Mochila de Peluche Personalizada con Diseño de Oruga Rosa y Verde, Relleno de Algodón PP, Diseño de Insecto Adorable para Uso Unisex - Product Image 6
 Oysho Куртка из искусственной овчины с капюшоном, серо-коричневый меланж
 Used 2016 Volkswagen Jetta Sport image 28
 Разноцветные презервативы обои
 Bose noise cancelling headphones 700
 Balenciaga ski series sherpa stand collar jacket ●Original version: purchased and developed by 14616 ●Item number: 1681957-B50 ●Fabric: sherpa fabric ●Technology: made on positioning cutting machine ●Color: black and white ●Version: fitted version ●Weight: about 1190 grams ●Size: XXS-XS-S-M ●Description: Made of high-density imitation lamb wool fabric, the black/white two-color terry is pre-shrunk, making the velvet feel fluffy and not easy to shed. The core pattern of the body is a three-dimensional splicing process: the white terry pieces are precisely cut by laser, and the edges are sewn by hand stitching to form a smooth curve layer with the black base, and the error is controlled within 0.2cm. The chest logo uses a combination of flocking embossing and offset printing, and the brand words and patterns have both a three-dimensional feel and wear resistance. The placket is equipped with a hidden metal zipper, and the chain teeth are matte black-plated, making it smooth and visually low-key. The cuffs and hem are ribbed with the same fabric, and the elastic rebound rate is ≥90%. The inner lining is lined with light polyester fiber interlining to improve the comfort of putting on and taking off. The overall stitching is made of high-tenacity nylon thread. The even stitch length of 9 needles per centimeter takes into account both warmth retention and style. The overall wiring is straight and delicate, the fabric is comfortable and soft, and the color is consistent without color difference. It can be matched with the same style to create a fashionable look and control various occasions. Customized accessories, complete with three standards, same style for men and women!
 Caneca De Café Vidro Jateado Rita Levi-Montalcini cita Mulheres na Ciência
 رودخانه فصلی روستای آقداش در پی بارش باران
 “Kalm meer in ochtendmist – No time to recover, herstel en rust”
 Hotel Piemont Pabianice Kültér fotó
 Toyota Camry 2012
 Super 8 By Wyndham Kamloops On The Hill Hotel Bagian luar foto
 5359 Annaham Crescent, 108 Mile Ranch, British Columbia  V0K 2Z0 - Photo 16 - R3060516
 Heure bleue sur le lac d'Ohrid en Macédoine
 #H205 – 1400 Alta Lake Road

*****

• Exercise brief:
Scan the material above for the string "Hotel" and copy every line that has it.

• Exercise solution:
 Hotel Piemont Pabianice Kültér fotó
 Super 8 By Wyndham Kamloops On The Hill Hotel Bagian luar foto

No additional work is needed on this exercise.